Placebo responses are complex and work through several neurobiological mechanisms. The neurotransmitters implicated thus far are dopamine (DA), gamma-aminobutyric acid (GABA), cholecystokinin (CCK), opioids, serotonin, and endocannabinoids. Both conscious expectations and unconscious conditioning can bring about molecular changes using the above neurotransmitters along the distributed biological systems, subserving cognition, emotions, pain control, reward, and learning. Expectations can enhance DA secretion in the reward circuitry of the brain, which has a nucleus accumbens at its epicenter. The prefrontal cortex (PFC), which controls attention and emotional memories, negotiates the path to the reward. The nucleus accumbens (NAc), after capturing the sole attention of the PFC, is able to modulate arousal, emotional tone, and autonomic tone to make the brain seek reward of therapeutic benefit, even when no active treatment is offered. Both DA and endogenous opioids play a key role in modulation of placebo responsiveness. The negative expectations of the person regarding treatment or negative suggestions given by the treater can amplify anxiety and pain by activating several brain regions, such as the anterior cingulate cortex (ACC), PFC, and the insula.
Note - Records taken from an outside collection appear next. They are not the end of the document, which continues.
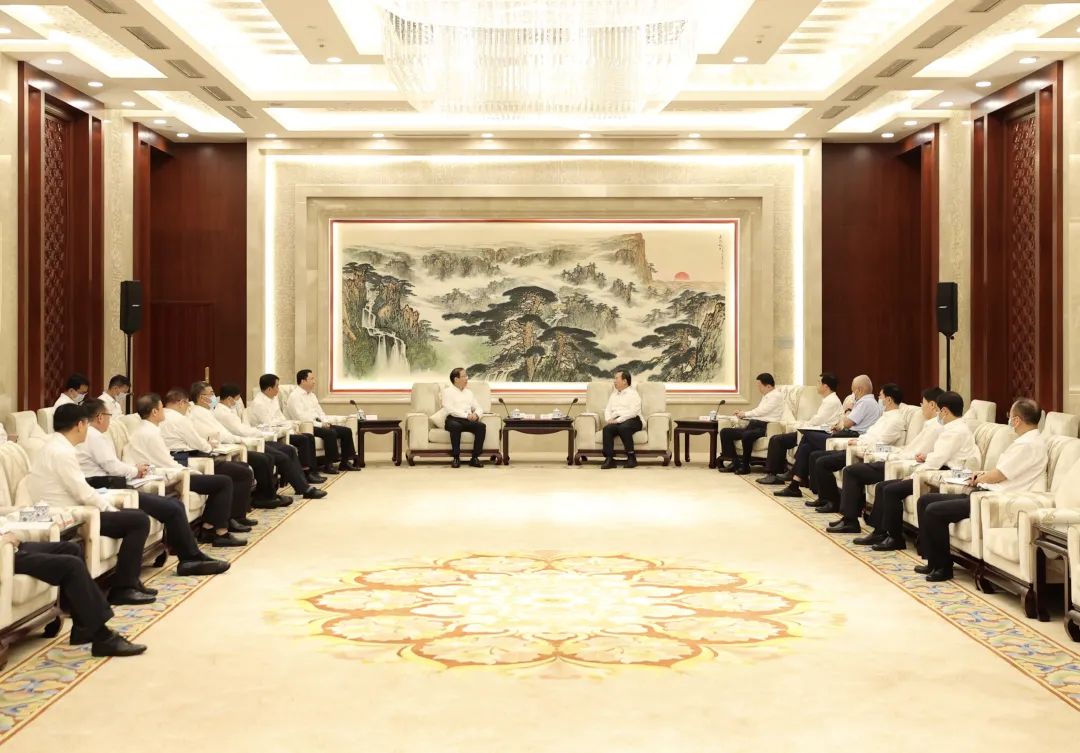 辛保安與山東省委書記李干杰、省長(zhǎng)周乃翔會(huì)談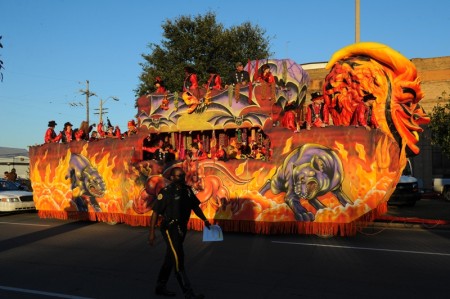 kob-parade_103108-003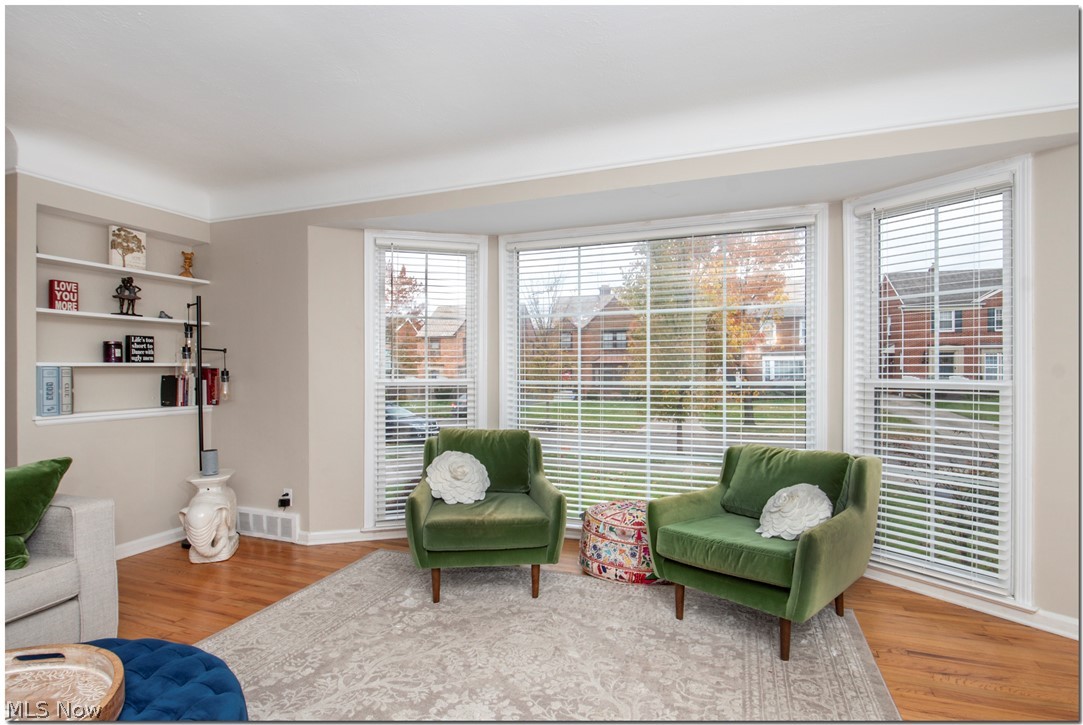 3794 Bushnell Road Cleveland, OH 44118 - Photo 4 of 35 Gallery Image 4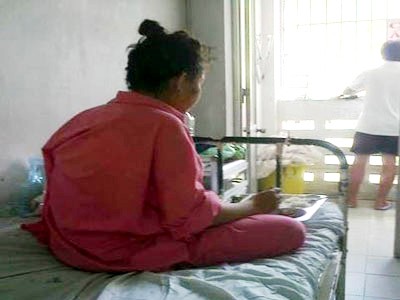 Thiếu nữ 19 tuổi bị người tình tạt axit Thiếu nữ 19 tuổi bị người tình tạt axit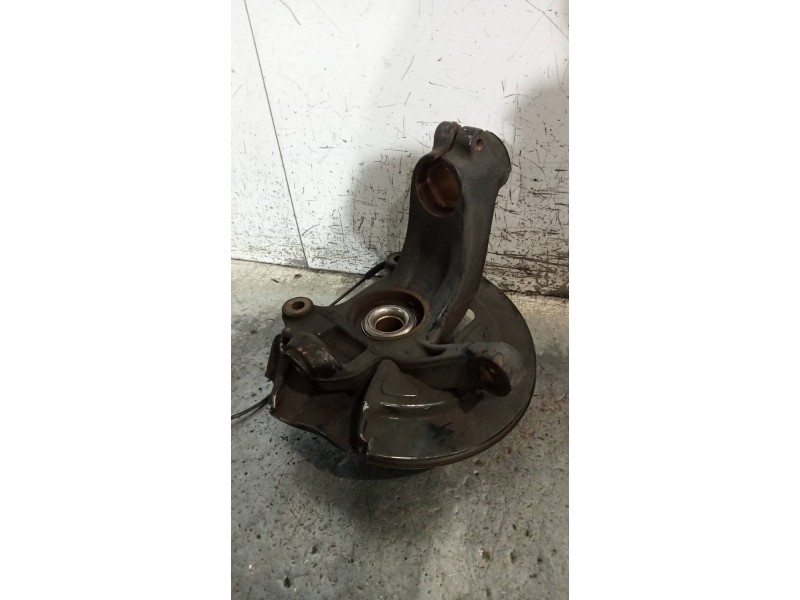 Recambio de mangueta delantera derecha para land rover freelander (ln) 2.0 td4 cat referencia OEM IAM   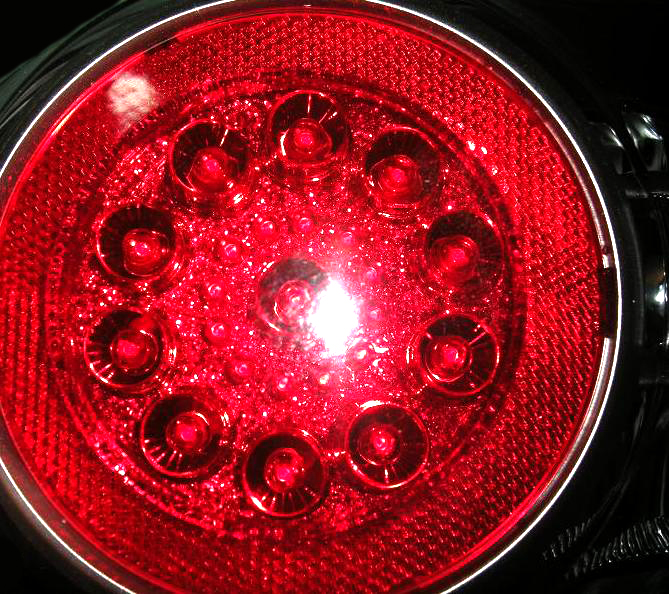 円形リフレクターLEDテール加工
Thus, anticipatory anxiety generated acts on two independent pathways: the hypothalamic pituitary adrenal (HPA) axis and the CCKergic pro-nociceptive system. By acting on anxiety, benzodiazepines can block both pathways and reduce pain. But CCK antagonists such as proglumide can only prevent nocebo hyperalgesia, and have no effect on HPA hyperactivity. The ebb and the flow of opioid/CCKergic systems produce the opposing effects of placebo/nocebo. The activation/deactivation between endogenous opioids/DA in NAc helps us understand both placebo and nocebo responses. There are parallels between the placebo response and classical conditioning. Endocrine, immune, and autonomic responses can be conditioned by placebos. Both the expectancy and conditioning mechanisms mediate placebo responses contingent upon previous experiences and social observational learning.